The 21st Century Advisor - Powered by Tech and Assisted by Humans

The 21st Century Advisor - Powered by Tech and Assisted by Humans

Life, Death, and Taxes.

Unfortunately, there’s considerably more to it.

The landscape of wealth management has changed dramatically, and continues to do so. Advisors now have access to technology to solve for everything they need, whether it's through an all-in-one solution, or a multi-faceted solution with an open architecture nature.

As advisors gain more access to client data, they are able to provide more holistic service than ever before. The breadth and depth of financial planning has expanded, and with technology, all realms of an advisor's practice have evolved. A key development in fintech for advisors has been asset management.

The development of turnkey asset management platforms (TAMPs) originally offered advisors an opportunity to offload their portfolio construction to a third party, decreasing their workload. However, TAMPs, are just one example highlighting the need for a human element behind fintech.

Money management is so commoditized that clients have too many options. The more options clients have, the more questions they ask, the more things they want, and the harder it becomes to construct their ideal portfolio.

They’re all different and they all want something else. Meanwhile, advisors are supposed to be out there growing their practice and top line revenues.

It’s time to recognize it, understand it, and embrace it.

Advisors are paid on assets under management rather than portfolio construction. That’s why there should be a greater emphasis on the human element of the wholesale space.

Even if you drew-down the ever-expanding universe of investment solutions to those of one TAMP or third party manager, there would still be hundreds of solutions available. If a client asked for a number of constraints to be met, then theoretically, the unified managed account (UMA) capabilities would be never-ending.

What fintech is supposed to do is make an advisor's life easier, not harder. In some cases, it's just the same, but on a different screen.

Advisors just don’t have time to do it all.

In a day and age where, due to technology, advisors and end-clients have more access to solutions than ever before, it is the human element that remains a key differentiator.

In the example of investment management, the human element is paramount. Whether it’s a client chasing aggressive returns, another who is fee-sensitive, another with tax-sensitivity (or one with all three!), a TAMP isn’t always enough.

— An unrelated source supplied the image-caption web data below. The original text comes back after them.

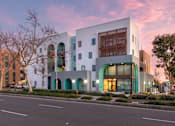 Thumbnail 13 of 16 - A modern building with a white facade and a large glass window is surrounded by trees.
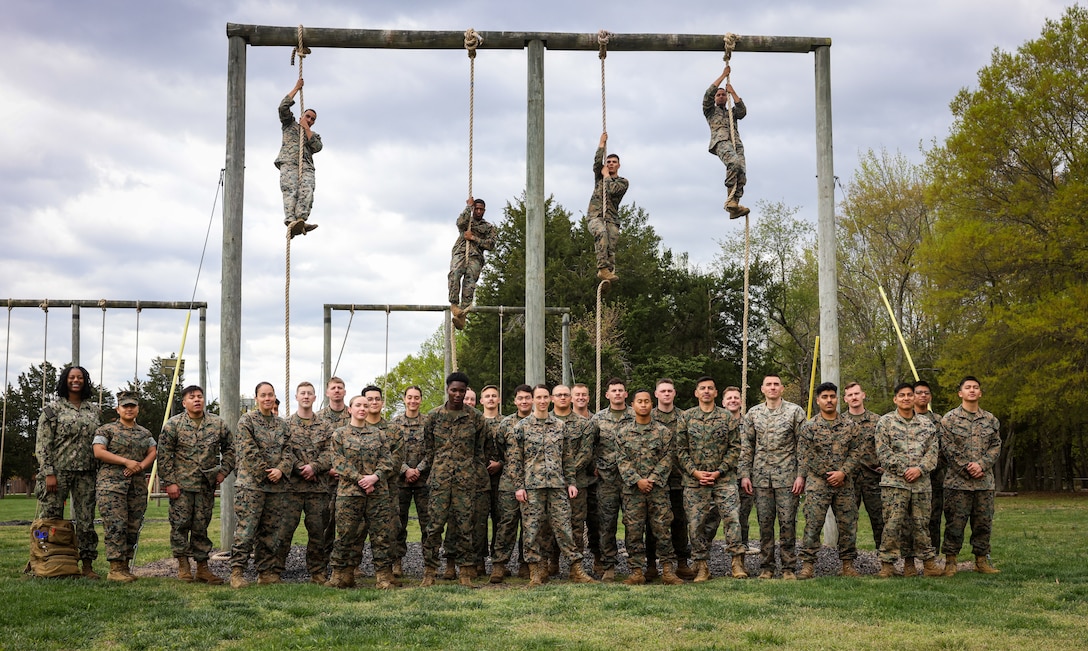 U.S. Marines with Security Battalion pose for a group photo after completing an obstacle course PT on Marine Corps Base Quantico, April 16, 2025. Security Battalion hosted this PT event in order to foster Espirit de Corps. (U.S. Marine Corps photo by Lance Cpl. Jeffery Stevens)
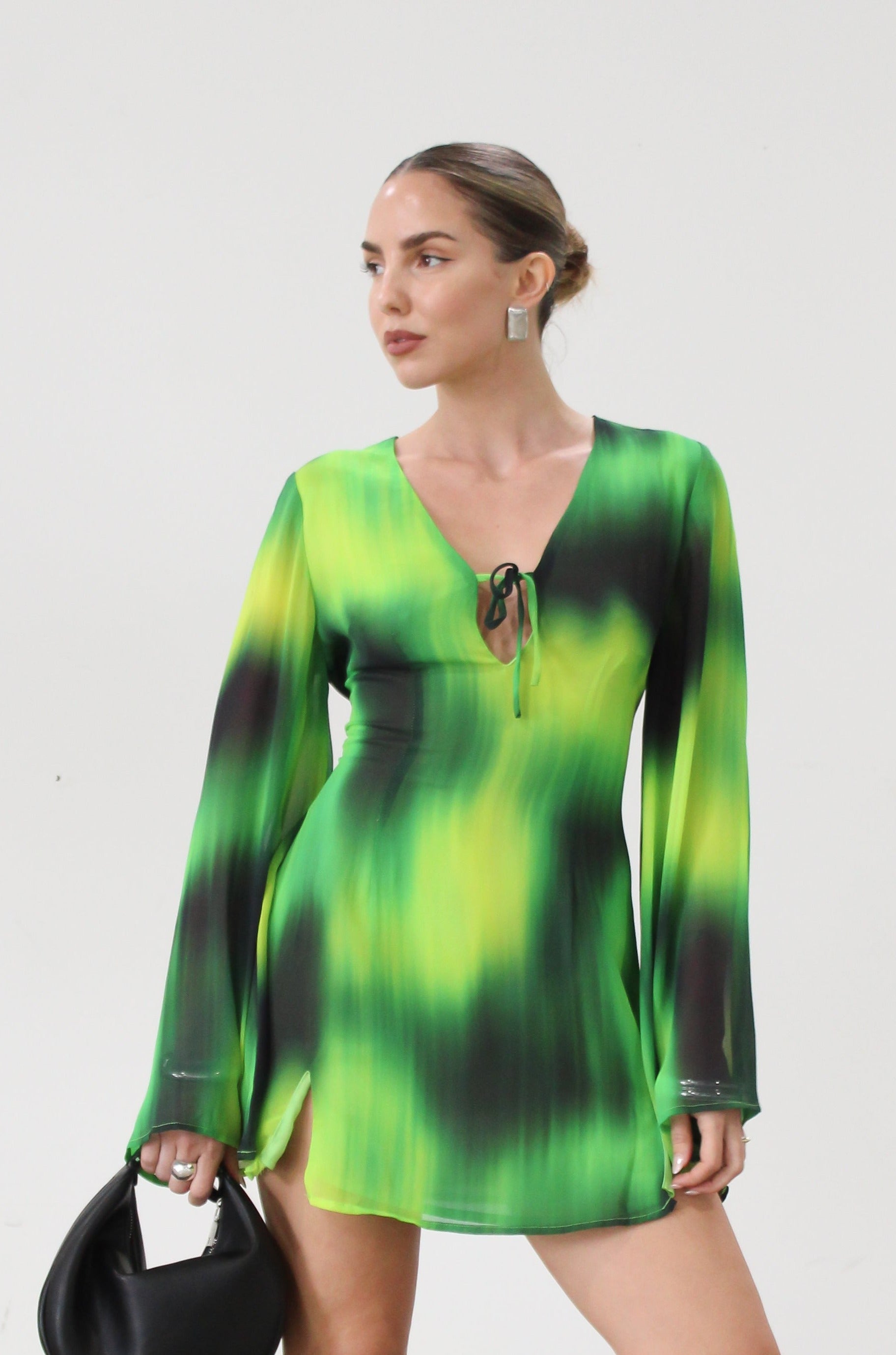 Chiffon dress. Long bell sleeves. V-neckline with tie closure. Front slit. Back hook and eye and zipper closures. Partially lined. green dress. beach vacation dress. green mini dress. mexico dress. miami dress. going out dress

In the event of a more complex client, a technology solution without a human element backing it adds little to no value at all.

  An ironic inefficiency.

An advisor’s practice is most efficient when they’re outsourcing services, specifically asset management, in this case. However, up until now, the outsourcing they’ve been able to do has been quite limited. More complex client cases have historically demanded a more “hands-on” than “hands-off” approach from advisors.

They haven’t been able to offload these tasks.

Unfortunately, as their access to TAMPs and other technologies have increased, the demands of the average client have only risen. This has meant that, rather ironically, less and less clients have remained happy with a standardized “set it and forget it” model, and begun to demand personalized, "family office"-like service.

Technology that does not solve for complex clients is not beneficial to advisors. That’s what the human element is solving for.

Whether clients are large, small, relatively simple or extremely sophisticated, a technological solution backed by skilled investment professionals will allow an advisor to fully outsource the task. In the example of investment management, no matter the complexity of the case or constraints of the client, a multi-strategy TAMP with a human behind it will provide a solution.

There’s always going to be more than life, death, and taxes, but advisors now have the ability to outsource services for even their most complex clients.

While TAMPs are just one example, with the human element backing technology, the world of a financial advisor is becoming more efficient than ever, despite the challenges that arise from adaptation.